▸ **INSTRUCTIONS FOR THE TASK**: Could every line below be transcribed exactly, with the pictures dropped?

Excerpts from a dataset
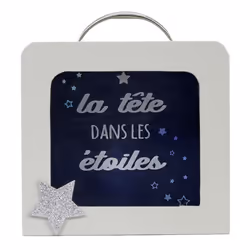 Tirelire Déco Enfant Valise 15cm Blanc & Gris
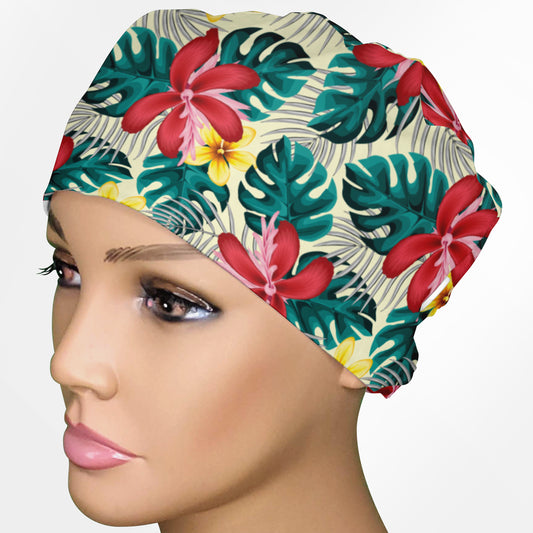 Hawaiian Jungle Low-Tie Surgeon Scrub Cap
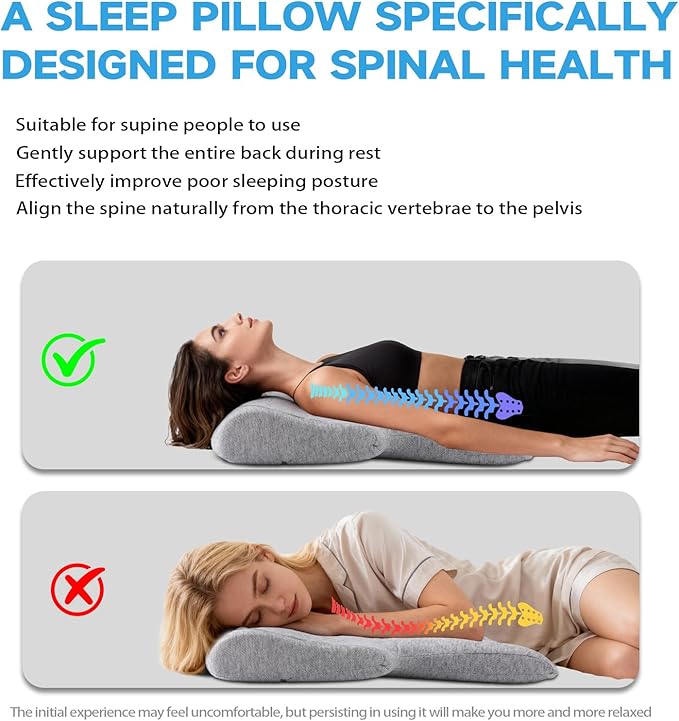 Cervical Pillows for Neck and Shoulder Pain with Lumbar Support,Memory Foam Neck Pillow for Deep Sleeping,Orthopedic Bed & Travel Pillow for Scoliosis,Postoperative Recovery & Poor Posture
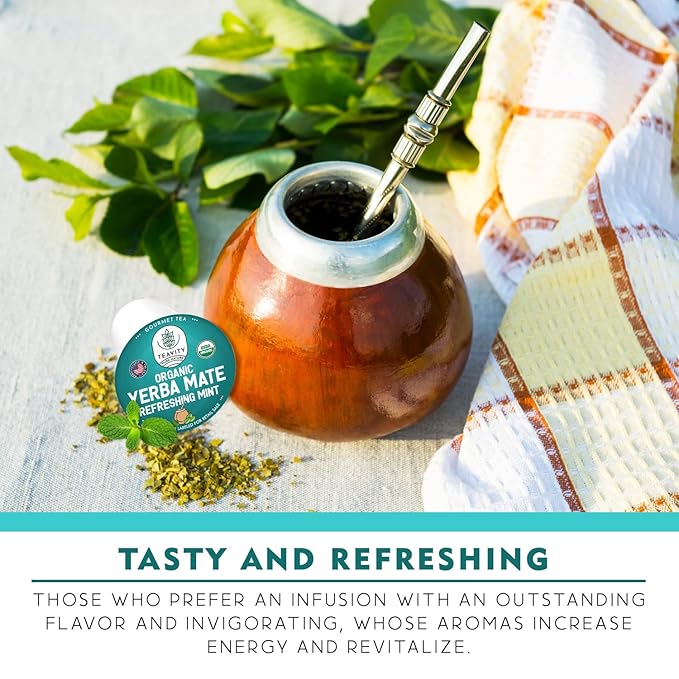 Organic Yerba Mate Refreshing Mint Tea Pods - Naturally Caffeinated Yerba Mate Tea Pod for Keurig Brewers by Teavity (36 Tea Pods)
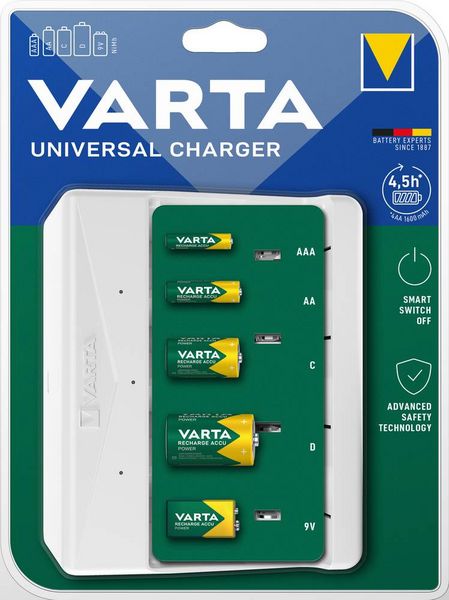 Produktbild: Varta Universal Charger Rundzellen-Ladeger&auml;t NiMH Micro (AAA), Mignon (AA), Baby (C), Mono (D), 9 V Block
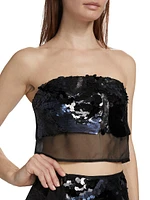 Centauri Sequined Chiffon Crop Top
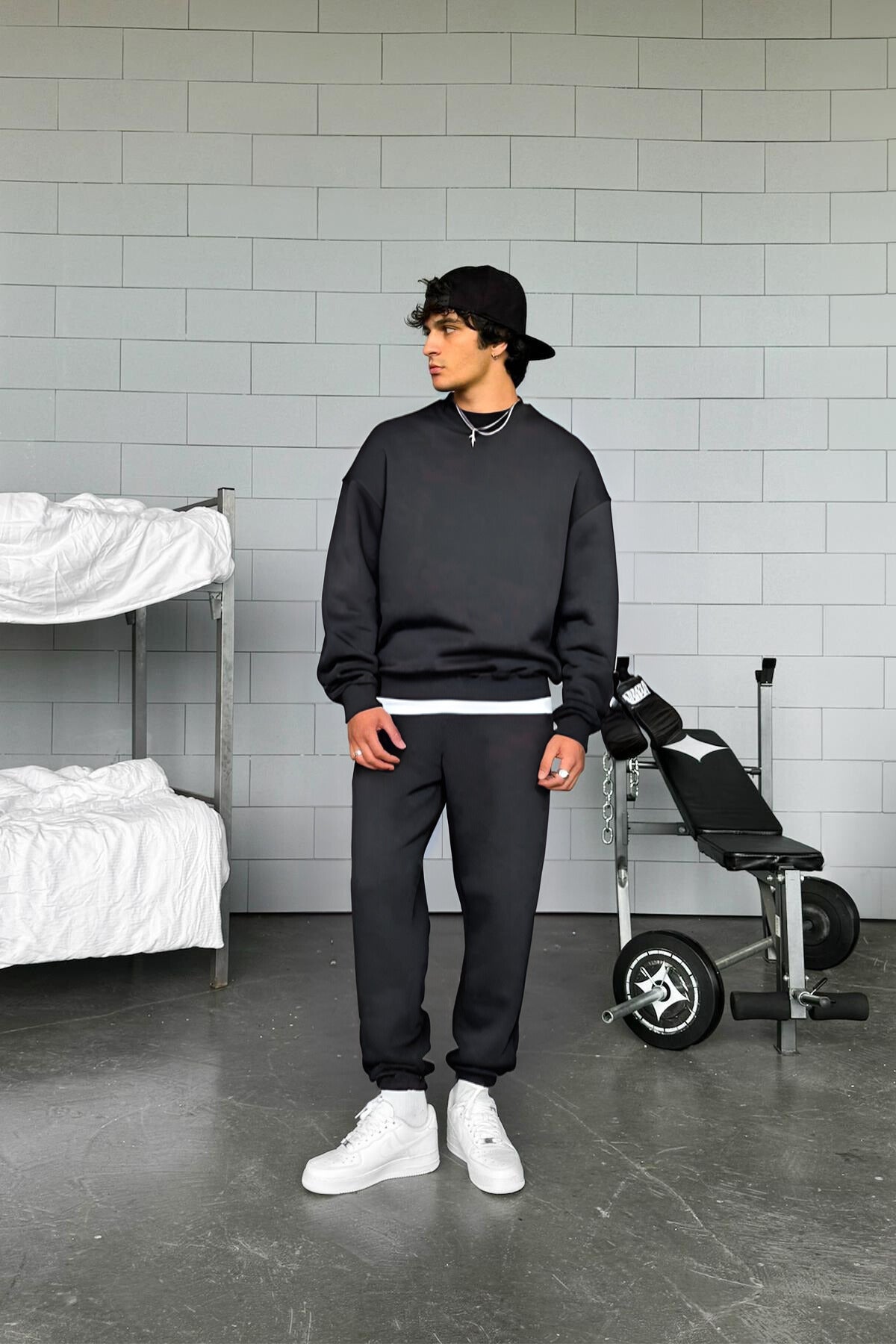 Erkek Trend Model Oversize Günlük Ve Spor Model Eşofman Takımı - Füme - 1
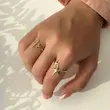 انگشتر طلا زنانه مینیمال دو ستاره کد MT307
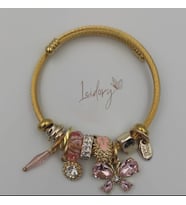 Pembe Kristal Kelebek Charmlı Pandora Model Çelik Bileklik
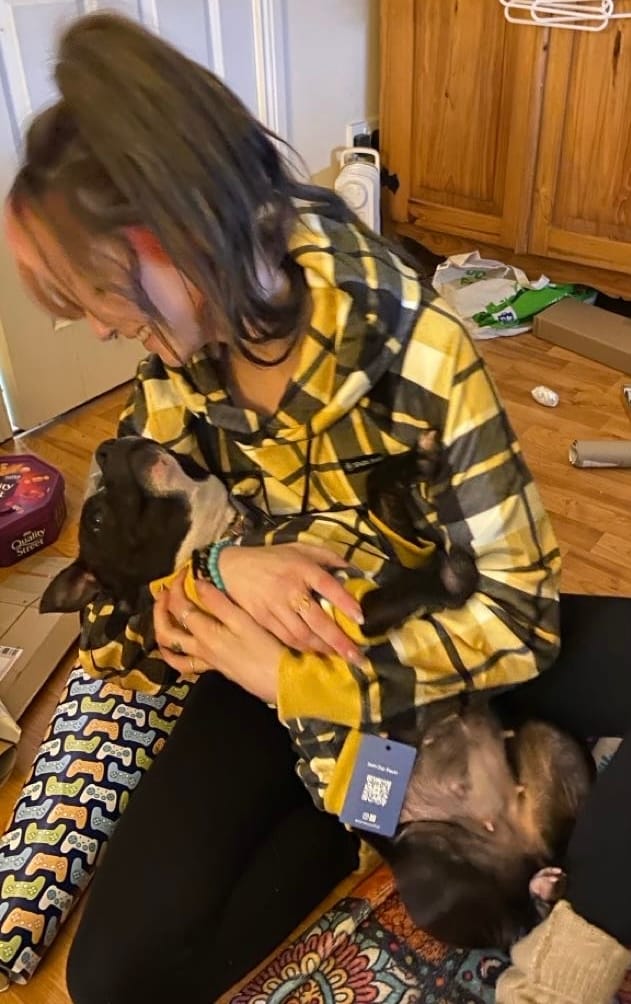 Customer photo review of Yellow Plaid Human Hoodie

▸ **REPLY**:
 Tirelire Déco Enfant Valise 15cm Blanc & Gris
 Hawaiian Jungle Low-Tie Surgeon Scrub Cap
 Cervical Pillows for Neck and Shoulder Pain with Lumbar Support,Memory Foam Neck Pillow for Deep Sleeping,Orthopedic Bed & Travel Pillow for Scoliosis,Postoperative Recovery & Poor Posture
 Organic Yerba Mate Refreshing Mint Tea Pods - Naturally Caffeinated Yerba Mate Tea Pod for Keurig Brewers by Teavity (36 Tea Pods)
 Produktbild: Varta Universal Charger Rundzellen-Ladeger&auml;t NiMH Micro (AAA), Mignon (AA), Baby (C), Mono (D), 9 V Block
 Centauri Sequined Chiffon Crop Top
 Erkek Trend Model Oversize Günlük Ve Spor Model Eşofman Takımı - Füme - 1
 انگشتر طلا زنانه مینیمال دو ستاره کد MT307
 Pembe Kristal Kelebek Charmlı Pandora Model Çelik Bileklik
 Customer photo review of Yellow Plaid Human Hoodie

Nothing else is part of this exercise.